**Problem to work on**
Repeat exactly the lines from the start of the material below up to and including the "Vintage 90s Millefiori" line.

**Available records**
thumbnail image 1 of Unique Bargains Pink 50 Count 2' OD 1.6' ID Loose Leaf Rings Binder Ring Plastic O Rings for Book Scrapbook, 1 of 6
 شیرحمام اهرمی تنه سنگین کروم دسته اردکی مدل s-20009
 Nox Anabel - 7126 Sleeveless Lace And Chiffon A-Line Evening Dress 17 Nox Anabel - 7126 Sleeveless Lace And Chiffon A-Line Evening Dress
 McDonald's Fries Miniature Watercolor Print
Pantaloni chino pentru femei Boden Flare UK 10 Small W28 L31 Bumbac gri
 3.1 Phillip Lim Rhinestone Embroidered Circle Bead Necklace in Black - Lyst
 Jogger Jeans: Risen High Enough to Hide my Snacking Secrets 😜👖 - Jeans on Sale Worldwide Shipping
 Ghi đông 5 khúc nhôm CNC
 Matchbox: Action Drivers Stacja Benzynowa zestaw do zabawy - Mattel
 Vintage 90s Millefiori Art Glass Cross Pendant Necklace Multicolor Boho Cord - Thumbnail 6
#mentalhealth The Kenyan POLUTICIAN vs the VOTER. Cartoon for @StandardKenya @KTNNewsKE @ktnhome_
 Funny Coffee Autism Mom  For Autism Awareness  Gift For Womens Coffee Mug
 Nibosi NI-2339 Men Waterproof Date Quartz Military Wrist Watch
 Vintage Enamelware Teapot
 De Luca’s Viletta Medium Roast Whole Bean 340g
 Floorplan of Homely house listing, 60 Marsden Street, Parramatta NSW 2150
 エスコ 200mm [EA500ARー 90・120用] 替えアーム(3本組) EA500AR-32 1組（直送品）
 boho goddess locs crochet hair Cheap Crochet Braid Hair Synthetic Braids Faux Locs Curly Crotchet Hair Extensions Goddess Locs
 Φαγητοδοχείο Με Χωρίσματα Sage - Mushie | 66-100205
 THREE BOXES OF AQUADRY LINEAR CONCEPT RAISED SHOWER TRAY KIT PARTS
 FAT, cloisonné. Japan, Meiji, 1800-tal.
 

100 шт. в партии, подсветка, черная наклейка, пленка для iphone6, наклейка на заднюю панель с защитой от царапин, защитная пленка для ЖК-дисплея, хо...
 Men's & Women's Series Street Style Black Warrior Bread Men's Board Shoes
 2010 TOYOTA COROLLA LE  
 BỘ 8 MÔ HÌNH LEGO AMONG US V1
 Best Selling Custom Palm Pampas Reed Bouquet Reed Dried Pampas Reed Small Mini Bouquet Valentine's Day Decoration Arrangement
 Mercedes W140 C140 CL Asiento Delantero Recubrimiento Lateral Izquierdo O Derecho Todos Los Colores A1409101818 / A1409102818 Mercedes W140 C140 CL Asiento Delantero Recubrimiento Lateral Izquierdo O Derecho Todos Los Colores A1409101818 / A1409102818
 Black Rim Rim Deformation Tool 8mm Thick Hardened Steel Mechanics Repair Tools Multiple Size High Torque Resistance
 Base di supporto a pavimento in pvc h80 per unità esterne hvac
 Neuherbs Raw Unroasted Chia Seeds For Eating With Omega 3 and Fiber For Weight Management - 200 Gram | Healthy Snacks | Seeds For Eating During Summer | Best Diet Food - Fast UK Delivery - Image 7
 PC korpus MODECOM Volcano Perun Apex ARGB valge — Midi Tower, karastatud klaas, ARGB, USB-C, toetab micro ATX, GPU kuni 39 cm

**Answer space**
thumbnail image 1 of Unique Bargains Pink 50 Count 2' OD 1.6' ID Loose Leaf Rings Binder Ring Plastic O Rings for Book Scrapbook, 1 of 6
 شیرحمام اهرمی تنه سنگین کروم دسته اردکی مدل s-20009
 Nox Anabel - 7126 Sleeveless Lace And Chiffon A-Line Evening Dress 17 Nox Anabel - 7126 Sleeveless Lace And Chiffon A-Line Evening Dress
 McDonald's Fries Miniature Watercolor Print
Pantaloni chino pentru femei Boden Flare UK 10 Small W28 L31 Bumbac gri
 3.1 Phillip Lim Rhinestone Embroidered Circle Bead Necklace in Black - Lyst
 Jogger Jeans: Risen High Enough to Hide my Snacking Secrets 😜👖 - Jeans on Sale Worldwide Shipping
 Ghi đông 5 khúc nhôm CNC
 Matchbox: Action Drivers Stacja Benzynowa zestaw do zabawy - Mattel
 Vintage 90s Millefiori Art Glass Cross Pendant Necklace Multicolor Boho Cord - Thumbnail 6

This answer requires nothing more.